About this exercise — Starting with the opening line of the material, restate every line word for word, and end on the line containing "A sud-est dell'".
*** Opening Records shown ***
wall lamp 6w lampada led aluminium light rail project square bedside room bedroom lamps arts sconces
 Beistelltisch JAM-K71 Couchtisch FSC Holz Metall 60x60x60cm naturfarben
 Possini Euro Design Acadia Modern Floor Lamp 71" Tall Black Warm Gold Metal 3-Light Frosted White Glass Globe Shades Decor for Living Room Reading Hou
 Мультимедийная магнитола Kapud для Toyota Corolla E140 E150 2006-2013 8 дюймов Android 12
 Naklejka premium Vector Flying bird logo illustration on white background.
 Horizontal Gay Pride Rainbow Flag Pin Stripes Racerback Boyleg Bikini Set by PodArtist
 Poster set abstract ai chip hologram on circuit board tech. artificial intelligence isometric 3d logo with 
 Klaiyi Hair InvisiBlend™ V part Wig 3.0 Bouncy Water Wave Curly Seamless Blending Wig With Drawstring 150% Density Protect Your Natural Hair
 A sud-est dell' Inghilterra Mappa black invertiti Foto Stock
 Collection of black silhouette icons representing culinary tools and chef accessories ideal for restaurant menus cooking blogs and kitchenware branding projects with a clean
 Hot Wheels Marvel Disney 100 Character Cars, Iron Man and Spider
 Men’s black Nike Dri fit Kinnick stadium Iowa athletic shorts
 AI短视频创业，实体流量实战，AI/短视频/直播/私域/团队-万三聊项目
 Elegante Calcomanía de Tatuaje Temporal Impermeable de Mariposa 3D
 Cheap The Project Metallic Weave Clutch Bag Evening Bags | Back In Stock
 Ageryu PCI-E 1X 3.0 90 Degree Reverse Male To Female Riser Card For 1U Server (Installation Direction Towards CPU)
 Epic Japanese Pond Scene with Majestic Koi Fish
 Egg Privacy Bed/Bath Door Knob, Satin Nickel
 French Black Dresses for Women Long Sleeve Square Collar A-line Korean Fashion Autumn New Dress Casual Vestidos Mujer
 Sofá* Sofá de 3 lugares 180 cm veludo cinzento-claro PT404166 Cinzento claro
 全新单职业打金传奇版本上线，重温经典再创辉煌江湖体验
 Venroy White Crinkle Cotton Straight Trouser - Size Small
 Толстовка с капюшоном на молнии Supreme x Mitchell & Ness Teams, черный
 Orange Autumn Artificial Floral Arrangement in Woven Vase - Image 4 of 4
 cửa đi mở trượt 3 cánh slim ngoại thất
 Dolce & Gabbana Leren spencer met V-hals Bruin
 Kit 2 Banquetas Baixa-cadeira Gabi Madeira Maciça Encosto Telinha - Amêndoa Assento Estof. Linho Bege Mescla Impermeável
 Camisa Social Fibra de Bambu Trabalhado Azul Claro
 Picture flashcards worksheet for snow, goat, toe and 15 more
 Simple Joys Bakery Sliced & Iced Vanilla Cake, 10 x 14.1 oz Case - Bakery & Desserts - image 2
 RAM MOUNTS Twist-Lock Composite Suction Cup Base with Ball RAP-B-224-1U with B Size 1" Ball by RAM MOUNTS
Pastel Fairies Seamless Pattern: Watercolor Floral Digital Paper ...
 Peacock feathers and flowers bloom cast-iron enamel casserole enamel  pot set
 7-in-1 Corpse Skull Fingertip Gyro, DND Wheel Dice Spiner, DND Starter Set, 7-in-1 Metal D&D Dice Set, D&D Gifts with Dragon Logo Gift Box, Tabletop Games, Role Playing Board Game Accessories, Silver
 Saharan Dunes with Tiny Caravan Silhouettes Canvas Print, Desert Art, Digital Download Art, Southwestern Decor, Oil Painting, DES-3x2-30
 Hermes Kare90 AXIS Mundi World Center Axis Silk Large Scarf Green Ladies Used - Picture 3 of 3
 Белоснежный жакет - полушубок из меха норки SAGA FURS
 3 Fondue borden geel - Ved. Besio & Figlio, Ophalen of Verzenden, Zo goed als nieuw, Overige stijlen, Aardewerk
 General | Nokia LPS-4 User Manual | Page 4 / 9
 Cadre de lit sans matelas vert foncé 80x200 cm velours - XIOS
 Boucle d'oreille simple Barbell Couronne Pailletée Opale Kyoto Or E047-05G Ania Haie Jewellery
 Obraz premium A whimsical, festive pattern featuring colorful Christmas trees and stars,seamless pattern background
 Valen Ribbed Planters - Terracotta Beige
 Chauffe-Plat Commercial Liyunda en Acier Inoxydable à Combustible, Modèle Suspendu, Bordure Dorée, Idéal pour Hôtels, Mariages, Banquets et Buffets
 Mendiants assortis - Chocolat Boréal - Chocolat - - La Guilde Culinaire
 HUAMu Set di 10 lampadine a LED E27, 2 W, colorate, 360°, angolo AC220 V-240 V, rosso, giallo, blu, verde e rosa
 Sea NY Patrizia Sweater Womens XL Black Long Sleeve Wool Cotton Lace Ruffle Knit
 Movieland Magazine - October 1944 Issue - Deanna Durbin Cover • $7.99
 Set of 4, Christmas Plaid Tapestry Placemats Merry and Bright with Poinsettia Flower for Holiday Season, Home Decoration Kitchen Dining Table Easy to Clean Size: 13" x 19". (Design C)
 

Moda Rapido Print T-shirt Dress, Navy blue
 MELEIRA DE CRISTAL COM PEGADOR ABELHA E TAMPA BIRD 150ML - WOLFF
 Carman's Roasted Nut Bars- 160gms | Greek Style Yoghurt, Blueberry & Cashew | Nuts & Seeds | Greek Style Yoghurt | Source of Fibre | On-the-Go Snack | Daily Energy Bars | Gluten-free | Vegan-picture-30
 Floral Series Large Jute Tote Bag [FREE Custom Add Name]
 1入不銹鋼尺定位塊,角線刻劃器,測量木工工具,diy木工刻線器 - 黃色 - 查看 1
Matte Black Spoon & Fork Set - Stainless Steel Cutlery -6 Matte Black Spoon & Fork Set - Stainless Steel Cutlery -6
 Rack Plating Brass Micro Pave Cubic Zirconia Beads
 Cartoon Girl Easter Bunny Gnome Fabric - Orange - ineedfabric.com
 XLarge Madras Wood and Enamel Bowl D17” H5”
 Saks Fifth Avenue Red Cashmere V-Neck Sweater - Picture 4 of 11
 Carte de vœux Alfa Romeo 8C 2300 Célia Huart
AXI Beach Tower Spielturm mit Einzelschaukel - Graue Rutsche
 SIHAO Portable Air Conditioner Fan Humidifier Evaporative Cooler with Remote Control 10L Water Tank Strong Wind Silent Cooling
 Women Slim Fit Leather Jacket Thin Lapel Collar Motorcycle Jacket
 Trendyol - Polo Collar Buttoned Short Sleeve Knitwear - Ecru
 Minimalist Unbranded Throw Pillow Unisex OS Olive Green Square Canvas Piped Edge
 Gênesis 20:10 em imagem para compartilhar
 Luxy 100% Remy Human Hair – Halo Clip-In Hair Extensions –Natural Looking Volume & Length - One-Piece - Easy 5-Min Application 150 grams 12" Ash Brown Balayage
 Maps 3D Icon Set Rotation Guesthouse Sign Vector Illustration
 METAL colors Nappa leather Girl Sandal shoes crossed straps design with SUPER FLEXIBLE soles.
*** Closing Records shown ***
Problem solution —
wall lamp 6w lampada led aluminium light rail project square bedside room bedroom lamps arts sconces
 Beistelltisch JAM-K71 Couchtisch FSC Holz Metall 60x60x60cm naturfarben
 Possini Euro Design Acadia Modern Floor Lamp 71" Tall Black Warm Gold Metal 3-Light Frosted White Glass Globe Shades Decor for Living Room Reading Hou
 Мультимедийная магнитола Kapud для Toyota Corolla E140 E150 2006-2013 8 дюймов Android 12
 Naklejka premium Vector Flying bird logo illustration on white background.
 Horizontal Gay Pride Rainbow Flag Pin Stripes Racerback Boyleg Bikini Set by PodArtist
 Poster set abstract ai chip hologram on circuit board tech. artificial intelligence isometric 3d logo with 
 Klaiyi Hair InvisiBlend™ V part Wig 3.0 Bouncy Water Wave Curly Seamless Blending Wig With Drawstring 150% Density Protect Your Natural Hair
 A sud-est dell' Inghilterra Mappa black invertiti Foto Stock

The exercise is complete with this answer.